Nonetheless, knowing that the cadaver is only donated after thirty days and that often times it is not put into formaldehyde before 72 hours post-mortem, the degeneration process makes its use impossible6. Moreover, we have seen the spread of medical and other health care disciplines schools, which increases even further the demand for cadavers.

These factors, associated with the constant pressure for better results have led educators and researchers to develop new tools to train surgeons7. Thus, synthetic simulators and those based on virtual environments are being developed in order to make up for the lack of cadavers8,9.

Fitts and Posner's theory shows that learning is aninternal human process, and it depends on practice and it tends to be permanent. Such process happens in three stages - cognitive, associative and autonomous - in which, as the individual progresses on his/her training, better are the outcomes achieved, its consistency and less number of mistakes, together with an increase in the person's capacity to identify and correct problems3.

Training in simulators, as well as conventional dissection, can separate the acquisition of skills from medical practice10. In the field of otology, there is already a virtual simulator of temporal bone dissection (VOXEL-MAN Temposurg Simulator) which enables the three-dimensional visualization of tissues and provides a sensitive answer to the operator (resistance, directions, burr speed).
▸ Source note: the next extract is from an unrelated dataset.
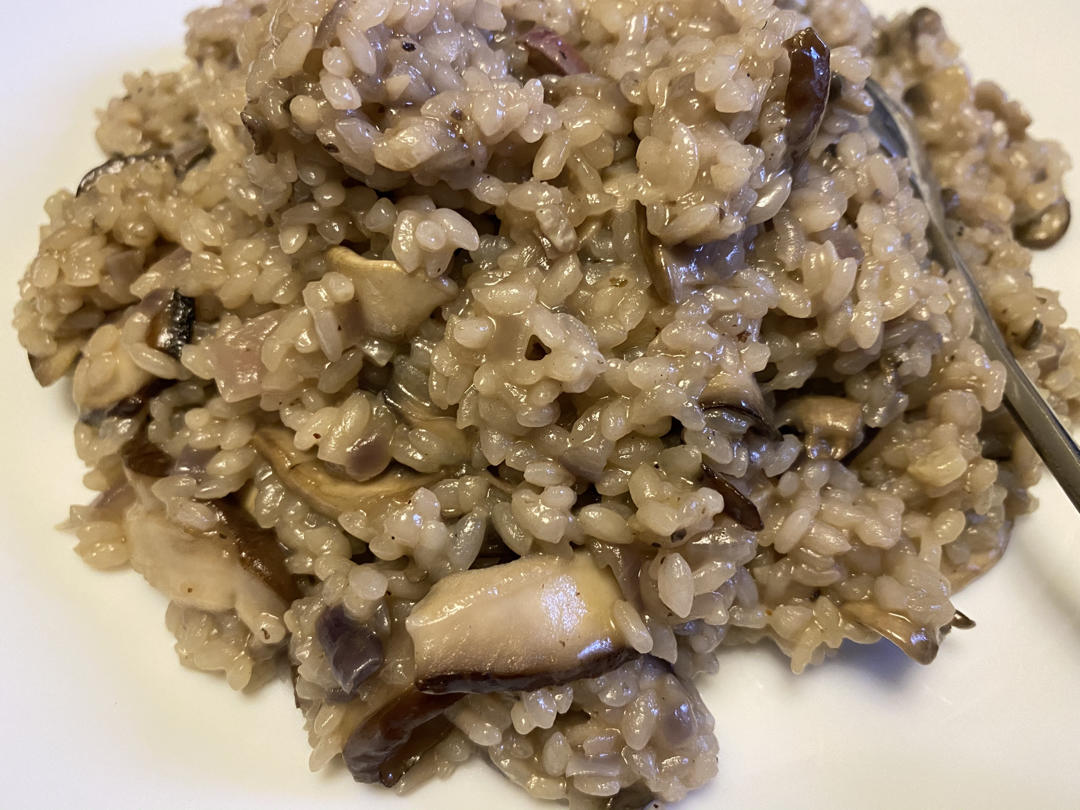 意大利蘑菇烩饭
Zirkle et al.11 believe that such equipment has the potential to enhance the skills of ENT residents. Nonetheless, this equipment does not allow the use of routine equipment used in otologic surgery, such as a microscope, aspirator and micromotor. Moreover, its high cost makes it difficult to spread its use.

The present study aims at showing that this simulator enables temporal bone dissection training in conventional labs, for it bears proper anatomical reliance and provides a realistic feeling during surgery. Nonetheless, some problems have been raised, such as tympanic membrane stiffness, the greater resin density when compared to the temporal bone and the lack of a facial nerve, since in this simulator the nerve was only painted there. Despite these criticisms, which will serve to enhance the simulator, dissection was deemed satisfactory by the surgeons who evaluated it.

Dissection in this otologic simulator does not replace the actual dissection of temporal bones from cadavers; nonetheless, it is a promising alternative for the practical teaching of otologic surgery. With the growing difficulty in obtaining natural temporal bones, we must develop new teaching tools for the continuous improvement of surgeons.